Likewise then with “Popess” – at that time the word and the concept had not gained currency, there was no antecedent and certainly no dignity in the term. Like a woman becoming a physician and some people insisting on using the word “doctress” to describe her, for a woman to attain the papacy and for anyone to insist on calling attention thereby to her gender would probably have been laughable if it were not intended to denigate her, which is precisely how De Mailly introduced it. It remained attached to Pope Joan, or, when it begins to appear in the vernacular, as a ribald term or a way to express a woman’s unofficial relation to a male office (like Piccolomini’s – the Pope’s – sister). In other words, Popess was never a term of respect and dignity, much less an actual title a woman would aspire to. While it seems laudable today to try to “reclaim” certain terms and use them to build up rather than tear down the dignity of the subject, such a process should be recognized for what it is in the present – a militant and polemical tactic – and not blind the historian to the anachronism of using it to describe past subjects.

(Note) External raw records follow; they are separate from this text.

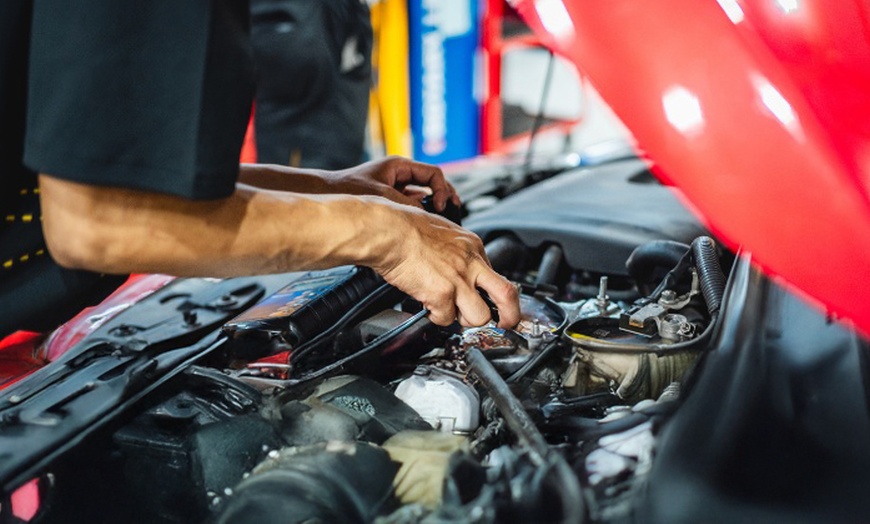 Image 1: Unlock Comprehensive Auto Maintenance Or Mechanic Online Course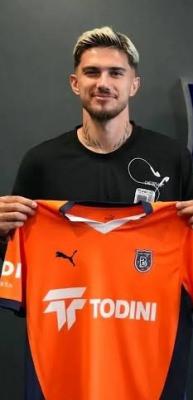 Başakşehir'den ayrıldı! S&uuml;per Lig'in yeni ekibine imza attı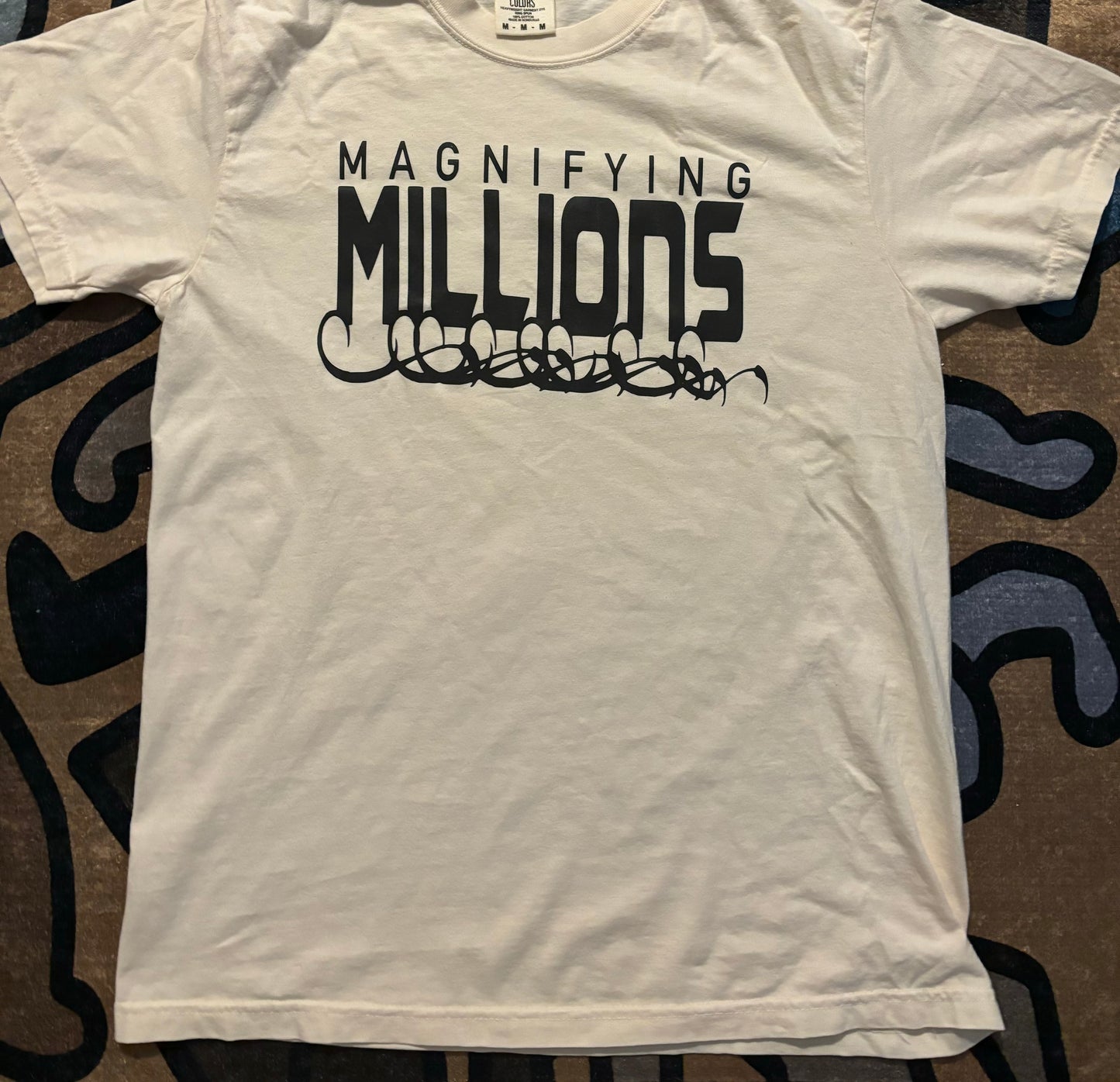 Maginify 1 tee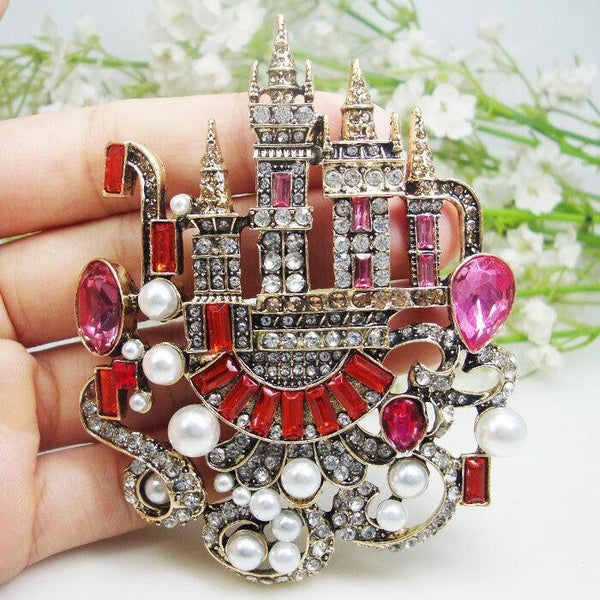 New Charming Pink Castle Palace Pendant Woman's Brooch Pin Crystal Rhinestone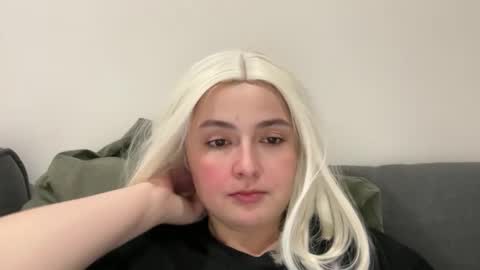 emily_morning_dew online show from November 2025 07:12:02 PM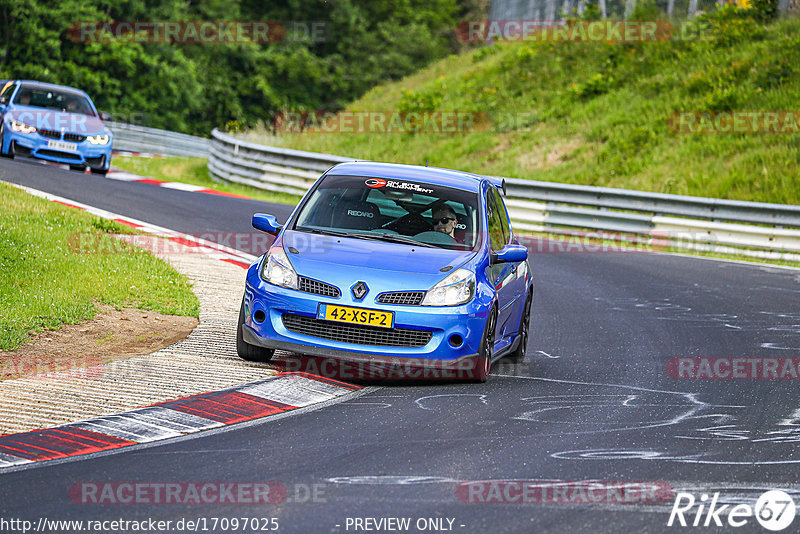 Bild #17097025 - Touristenfahrten Nürburgring Nordschleife (11.06.2022)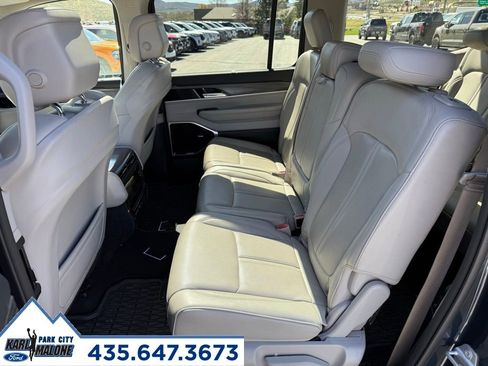 Used 2023 Jeep Wagoneer Series III w/ Premium Group I AWD/4WD image 29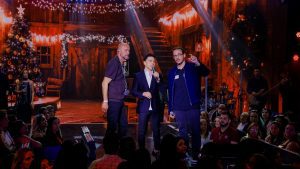 Zezé Di Camargo grava especial “Natal é Amor” no SBT; veja fotos exclusivas dos bastidores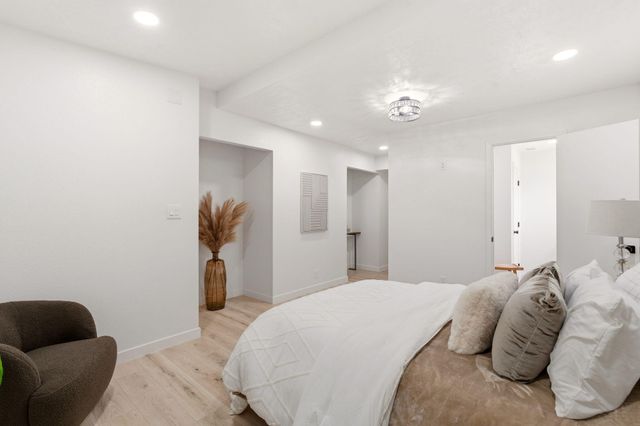 1201 Willys Knight Drive NE, Albuquerque, NM 87112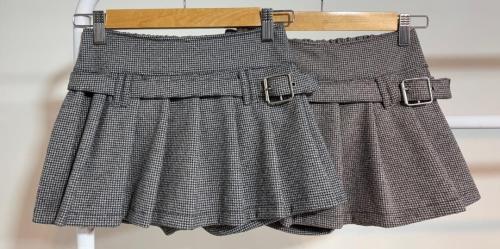 Shorts Pollera Volado Hebilla Paño - Miniatura 2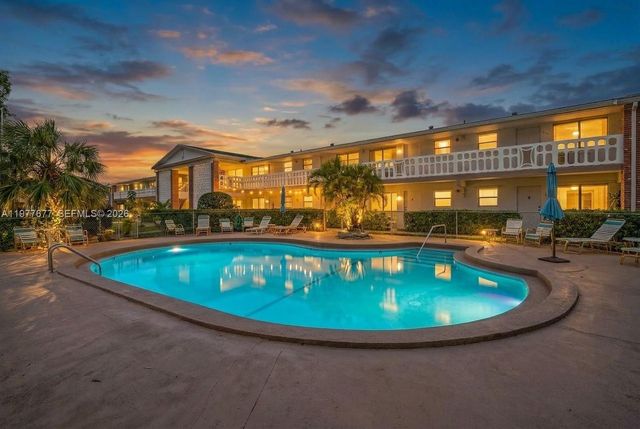 3701 Tyler St 211, Hollywood, FL 33021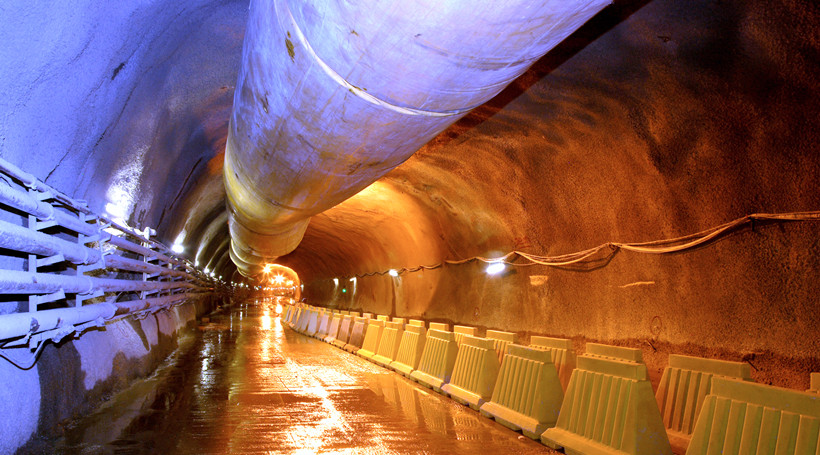 山西長治紅山煤業礦井通風加熱用固體蓄熱電鍋爐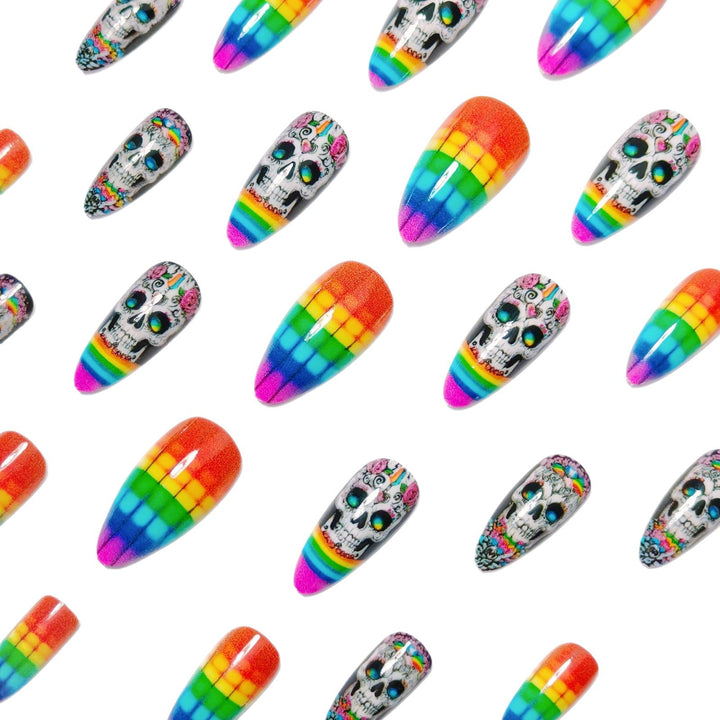 Kreative Kunstnägel mit Totenkopf-Design und Regenbogenfarben Karnz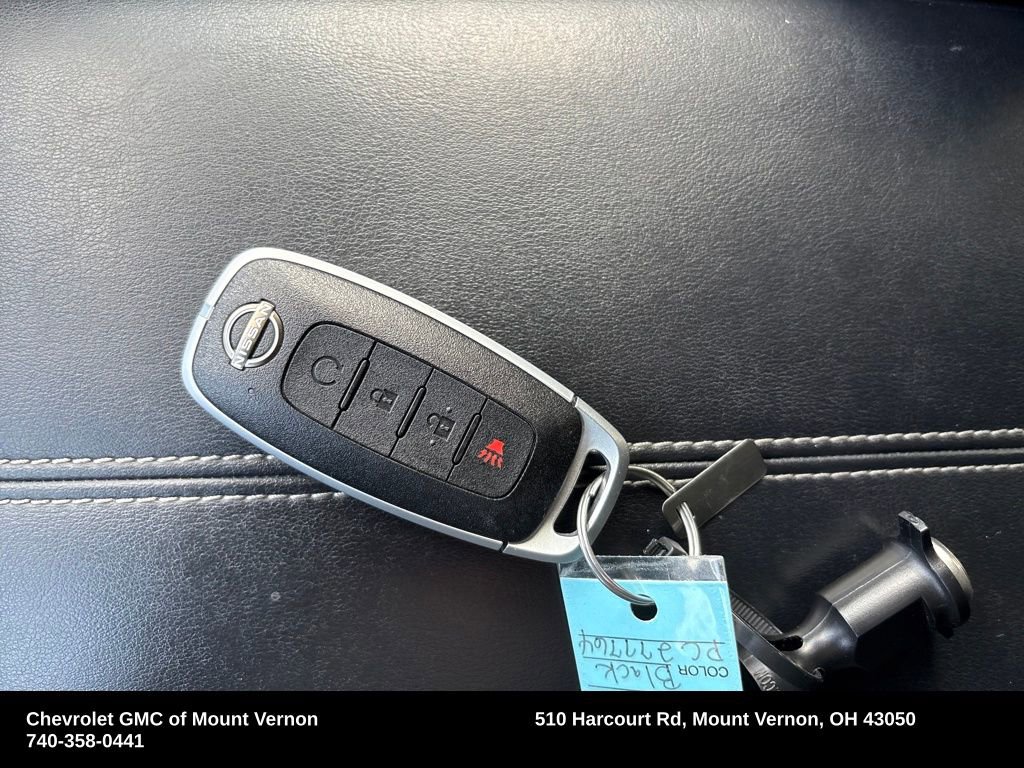 2023 Nissan Pathfinder SV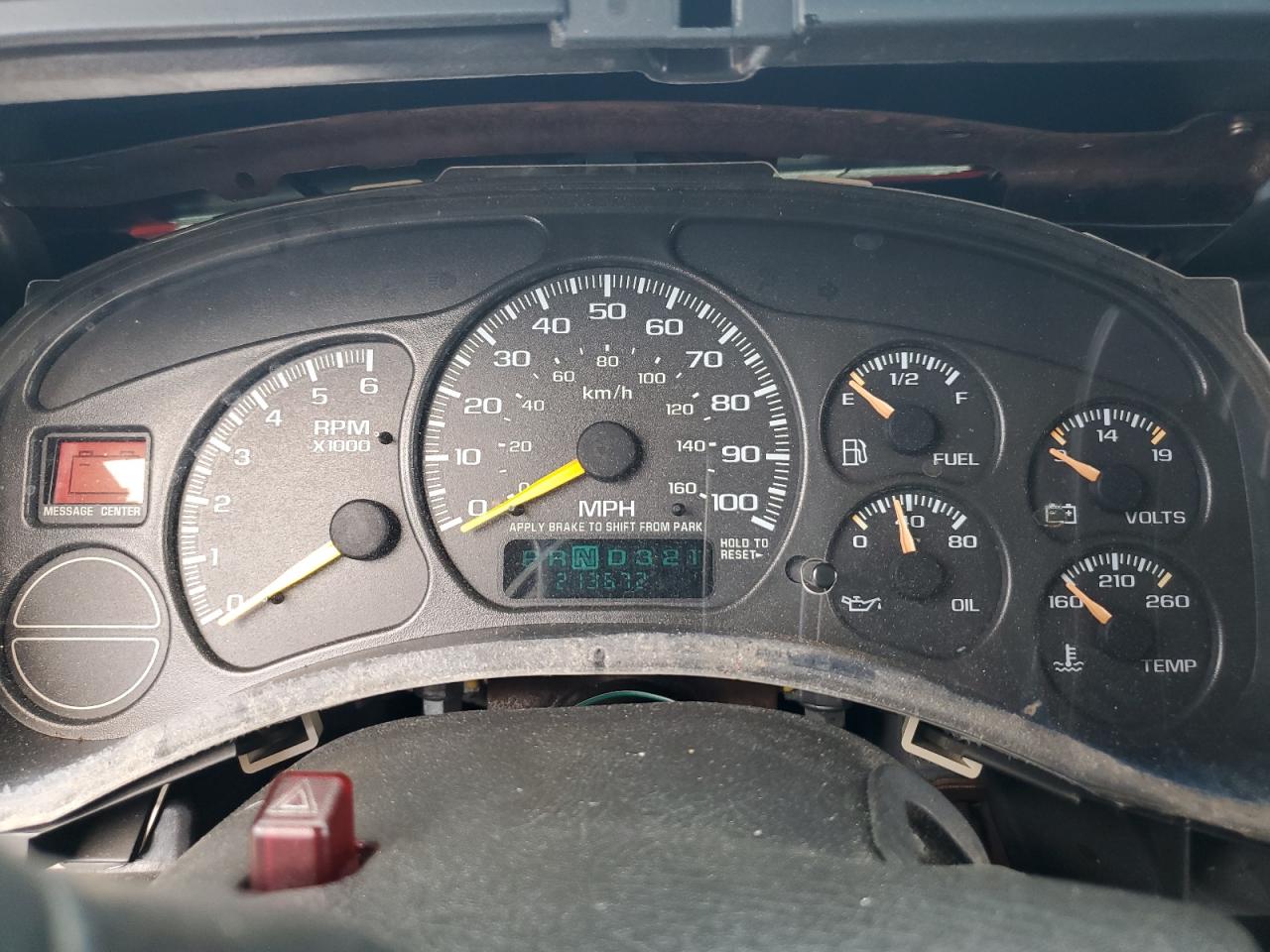 2000 Chevrolet Silverado - Image 9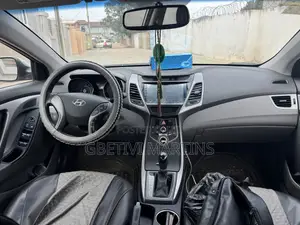 Hyundai Elantra 2014 Gray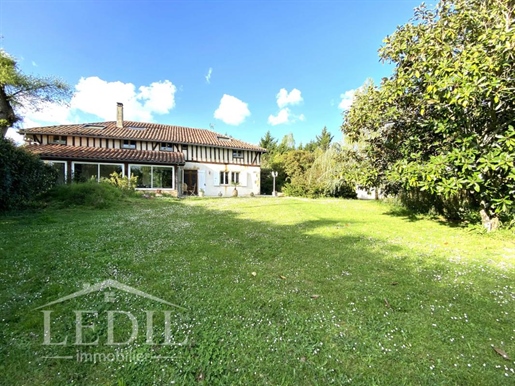 Superb Landes House with Pool and Gîte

The first person I can find to use the term Papissa when describing Maifreda is Giovanni Pietro Puricelli (1589-1659), in his summary of the beliefs of the sect of Guglielmites, point 8 (of twelve). This was first edited and published by Lodovico Antonio Muratori (1672-1750) in 1741 (this summary was widely translated into Italian, French and English).
Puricelli’s summary of Saramita’s statements goes:
“Mayfreda futura erat vera Papissa, auctoritate & potestate veri Papae praedita, ita ut Papa & Papatus Ecclesiae Romanae, qui tunc erat, abolendus esset, & locum daturus Mayfredae Papissae, aqua baptismo sacro abluendi erant Judaei, Saraceni, ceteraeque nationes, quae sunt extra Ecclesiam Romanam, & nondum sunt baptizatae.“
(Lodovico Antonio Muratori, ed., Antiquitates italicae medii aevi, t. 5 (Milan, 1741), col. 92)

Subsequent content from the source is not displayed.